Shivank Pandey

Posted on Oct 2, 2023

Building a Neural Network from Scratch in Python

#ai #python #neuralnetwork

Neural networks are powerful machine learning models inspired by the human brain's structure and functioning. In this tutorial, we'll walk through the process of building a basic neural network from scratch using Python.
A computational model called a neural network is based on how the human brain works and is organized. It is an effective technique used in artificial intelligence and machine learning for tasks including classification, regression, pattern recognition, and more.

A neural network's basic building blocks are interconnected nodes, or "neurons," arranged in layers. Information transmission and processing are carried out by these neurons. Here is a brief explanation of what makes up a neural network:

Input Layer: This layer takes in the introductory information or features and transfers them to the following layer. A aspect of the input data is represented by each neuron in this layer.

Hidden Layers: There may be one or more layers known as hidden layers between the input and output layers. These layers process the data by performing calculations. Every neuron in a hidden layer is linked to every other neuron in the layer above and below it.

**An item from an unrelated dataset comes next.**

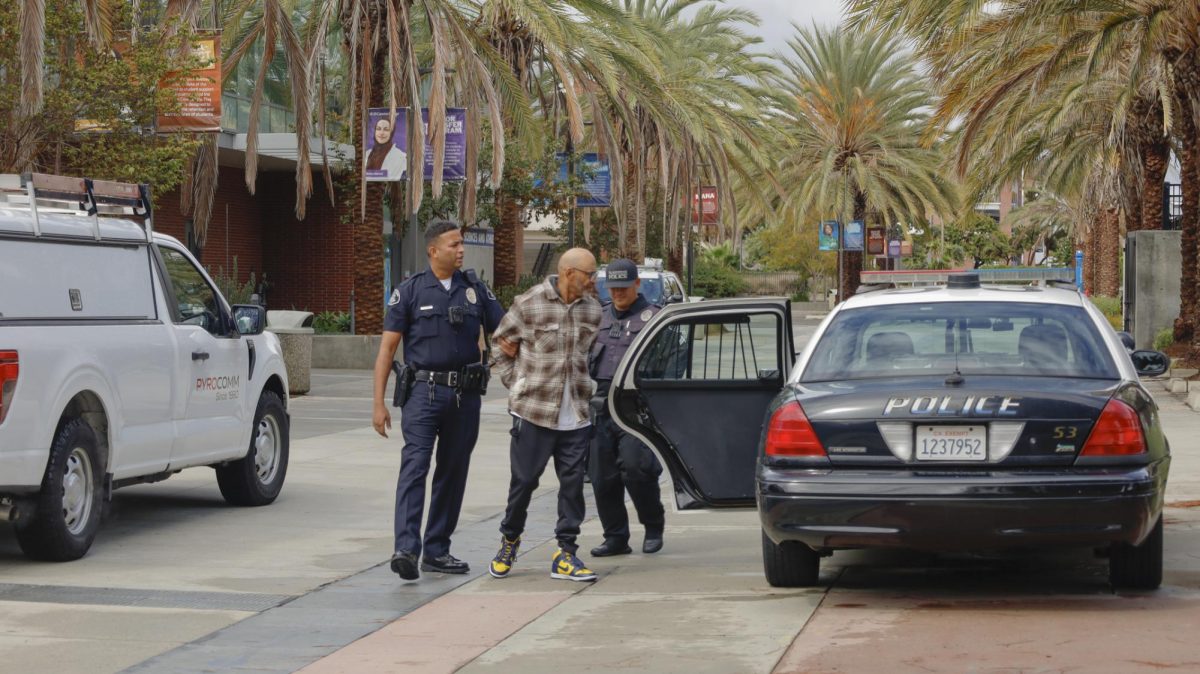 Officer Shahbaz Zaidi arrested a suspect after an altercation involving a threat was reported in the Physical Education Building's locker rooms. Responders on the scene from the El Camino College Police Department prohibited any interviewing, advising the victim involved not to speak with any of The Union's reporters as the investigation has not been conducted yet. (Madison Moody | The Union)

Weights: Each neuronal connection has a corresponding weight that reflects the strength of the connection. These weights are modified during training in order to reduce prediction error.

Activation Function: Each neuron applies an activation function to the weighted sum of its inputs. This function introduces non-linearity into the model, allowing the neural network to learn complex relationships.

Output Layer: The final layer produces the network's output. The number of neurons in this layer depends on the type of problem the network is designed to solve. For example, in binary classification, there might be one neuron producing an output between 0 and 1.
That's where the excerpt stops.